Opinions expressed by Entrepreneur contributors are their own.

For many entrepreneurs, growth means expanding into a new location. Offering your products and services in another state can be a great way to reach new customers and increase your market share.

However, expanding your business into a new location isn’t easy, and if you aren’t prepared, you could put both locations at risk. That’s why it’s important to understand what you’re getting yourself into first.

If you’re preparing to expand your brand into a new area, here are five tips to help you get started.

Related: Opening a Second Location? Here’s What to Keep in Mind.

1. Take your time

Expanding into a new location increases your opportunities to grow, but it also increases your risk. By making the move, you’re making a considerable financial commitment and opening yourself up to potential company culture problems. Most business owners underestimate what it takes to expand to a new area.

Before making the leap, ensure that your business is ready to expand into another state. Do you have a loyal customer base, steady cash flow and several years of profitability under your belt? Or, more importantly, do you have processes in place that can scale?If not, you might look for lower-cost strategies you could use to expand. For example, if you run a successful brick-and-mortar retail store, you could consider opening an ecommerce business.

2. Research the area first

Once you’re confident your business is ready to expand into a new location, you should begin researching the area. Understanding the area will help you determine your startup costs and learn more about the competitive landscape.If you plan to hire employees at your new location, you’ll need to find out what the minimum wage laws are in that state. For example, the minimum wage in Kansas is $7.25 per hour, but if you choose to expand into Missouri, it’s $12 per hour. That means you’ll have to account for the increased payroll costs.

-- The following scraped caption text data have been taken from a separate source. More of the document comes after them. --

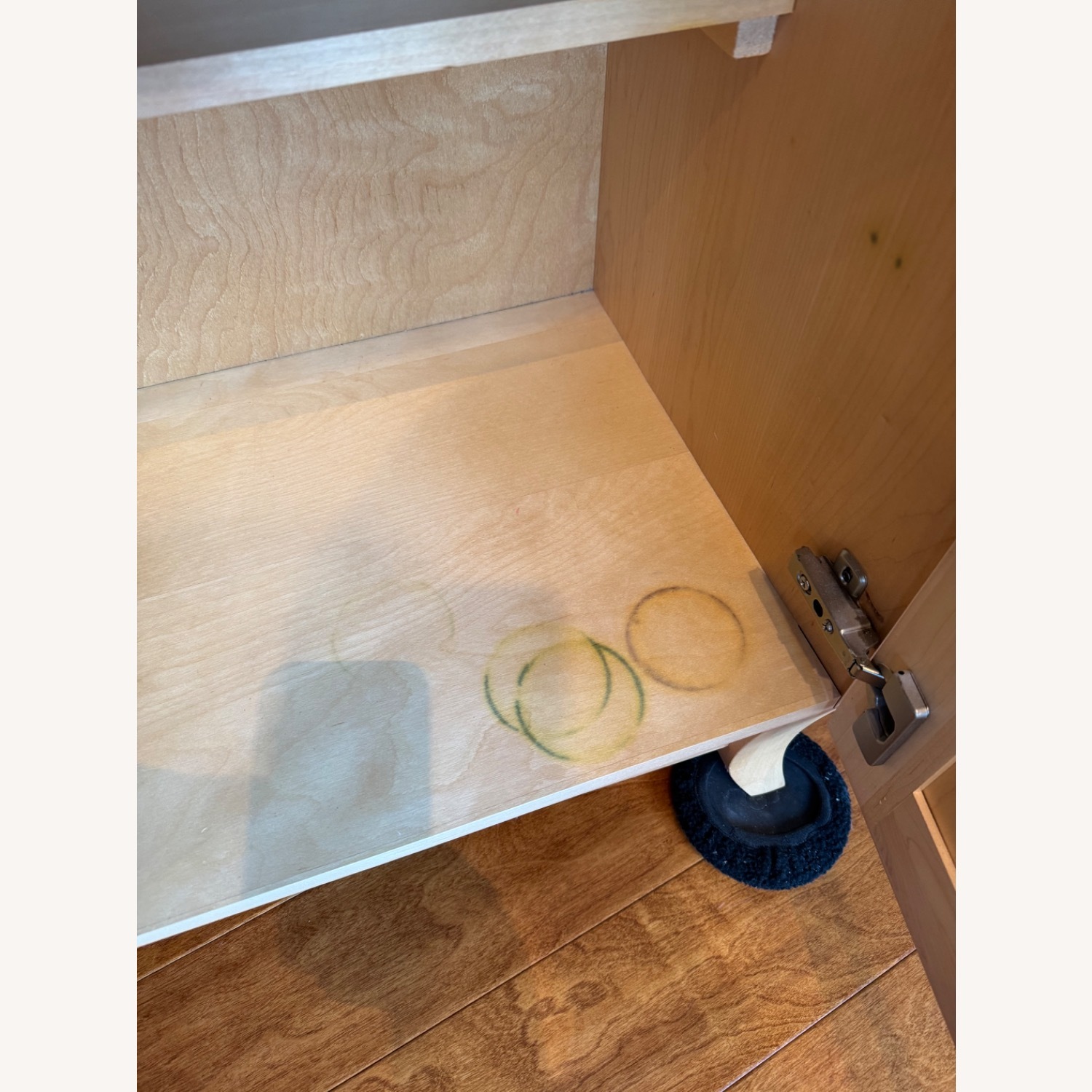 Pure Maple Hutch with Glass Doors - image-6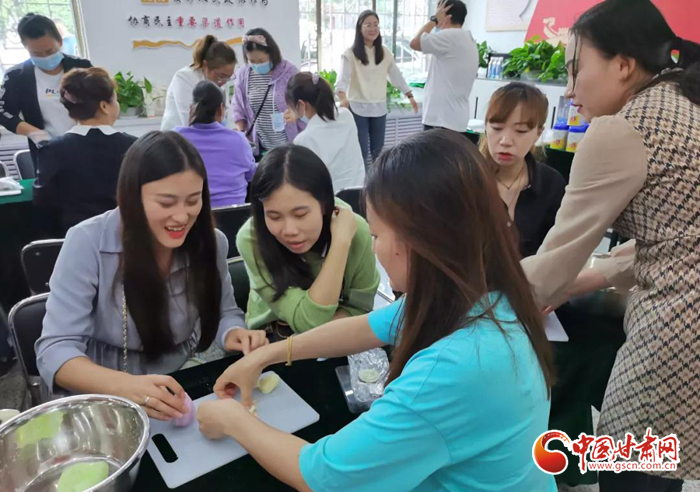 解鎖新技能！蘭州七里河區(qū)秋天的第一份手工月餅來(lái)了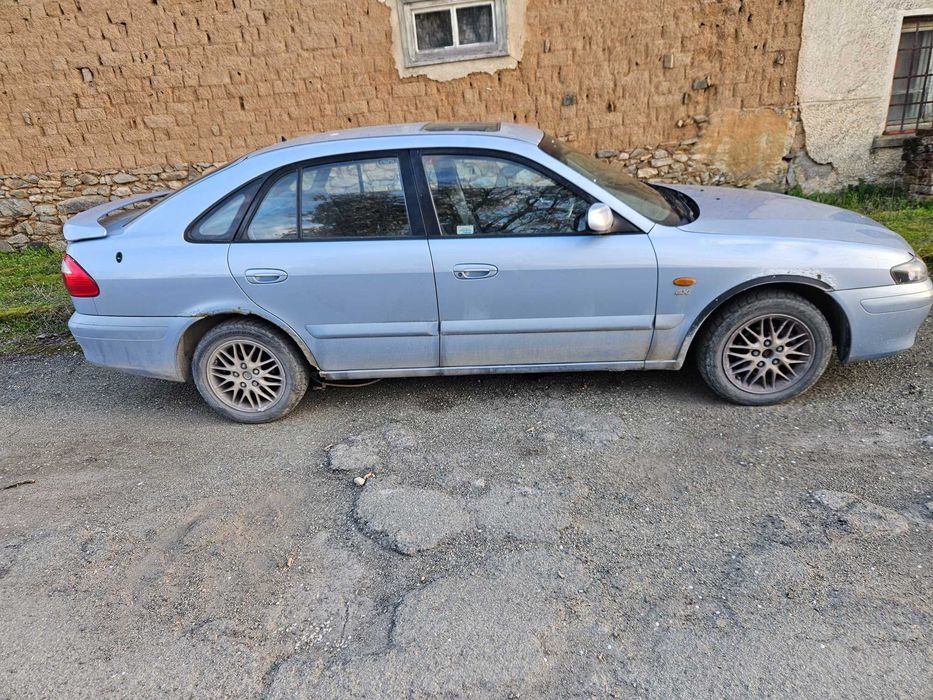 Мазда 626, 2бр. на части-хечбек 2л, 2001 и комби 1.8, 1998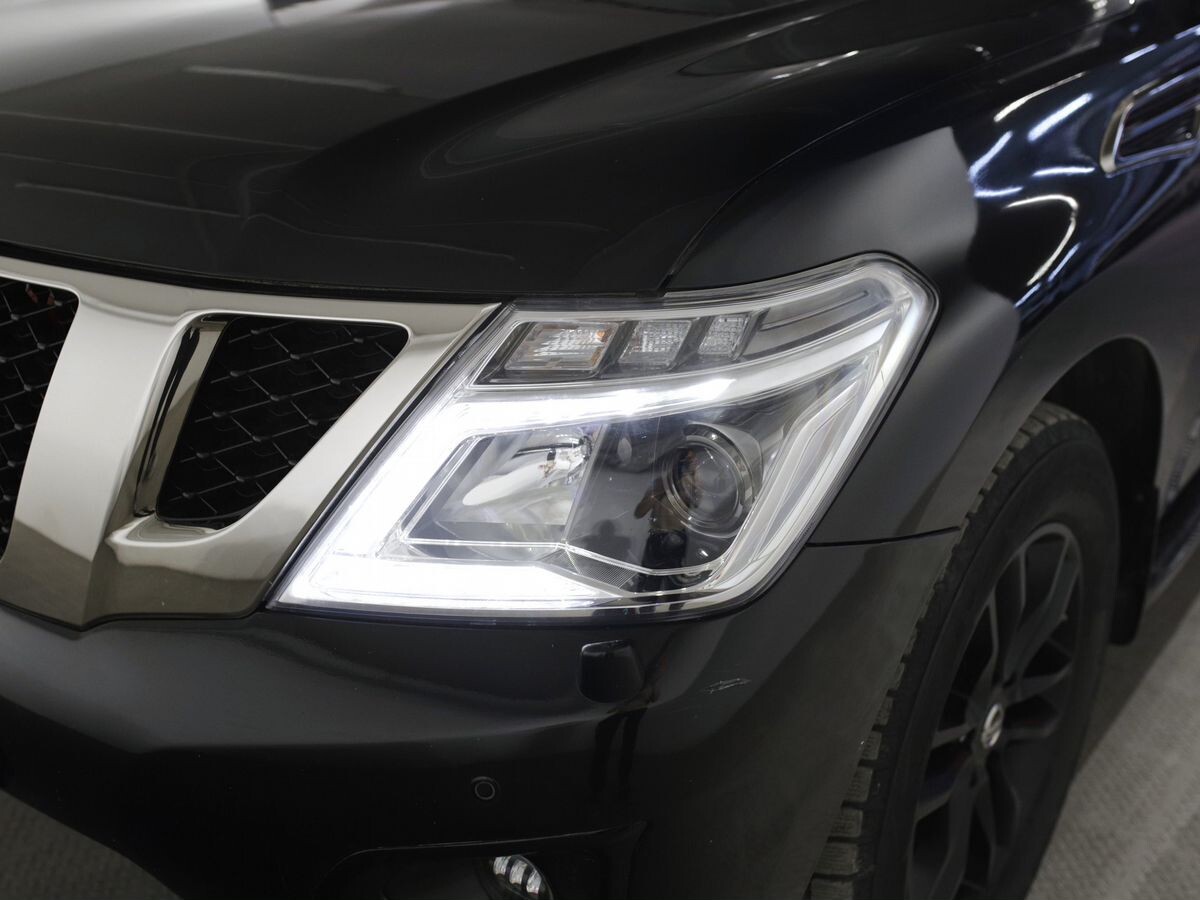 Nissan Patrol 2010 - фото автомобиля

You should also consider the property values, rental rates and cost of business insurance in that location. Determine the state and local taxes as well, since some states are more tax-friendly for businesses than others.

3. Update your business plan

Next, update your business plan to account for the new location and target audience. You can learn more about the local market by researching competitors in the area and learning how they advertise. This information will also help you determine ways your business can stand out.

You should also adjust your financial objectives to account for the new location. Create a financial forecast that projects the estimated costs and revenue of your new location.

Related: 8 Things to Consider Before You Open a Second Location

4. Find the right people

Since you already have a successful business, you probably understand the importance of hiring the right people. Still, hiring employees to work at a location in another state comes with additional challenges.

If you aren’t careful, the employees in the new location may not feel like they’re truly part of the company. Or if you’re spending a lot of time at the new location, your original employees may feel left out.

Communication is vital during this process — come up with a plan for how you’ll stay in touch with your employees at both locations. Having a monthly call to go over business objectives will help all of your employees feel like they’re on the same team.

5. Look for financing

There are many different ways to finance a business expansion, but a small business loan or line of credit is ideal. Financing gives you a way to cover the expansion costs over a more manageable schedule without putting your working capital at risk.

Since you’ve already taken the time to update your business plan and determine your startup costs, you’re well-positioned to apply for a loan. One option is to apply for a loan through a bank or credit union since they offer low rates and flexible repayment terms.

However, the application process can be tedious, and banks tend to have higher lending requirements. If you want a faster application process and funding, non-bank lenders are a great alternative. For example, a lending marketplace allows you to apply once and receive offers from multiple lenders.

Related: Expecting the Unexpected in Small Business Expansion

If your initial business was successful very quickly, you may feel pressure to replicate this success at your newest location. Plus, you’ll want to earn your investment back as quickly as possible.

Patience is key during a business expansion. Don’t get discouraged if it takes time to break even or if the expansion takes a toll on your original business. Challenges are inevitable, but careful planning and lining up the financing will make all the difference in your endeavor.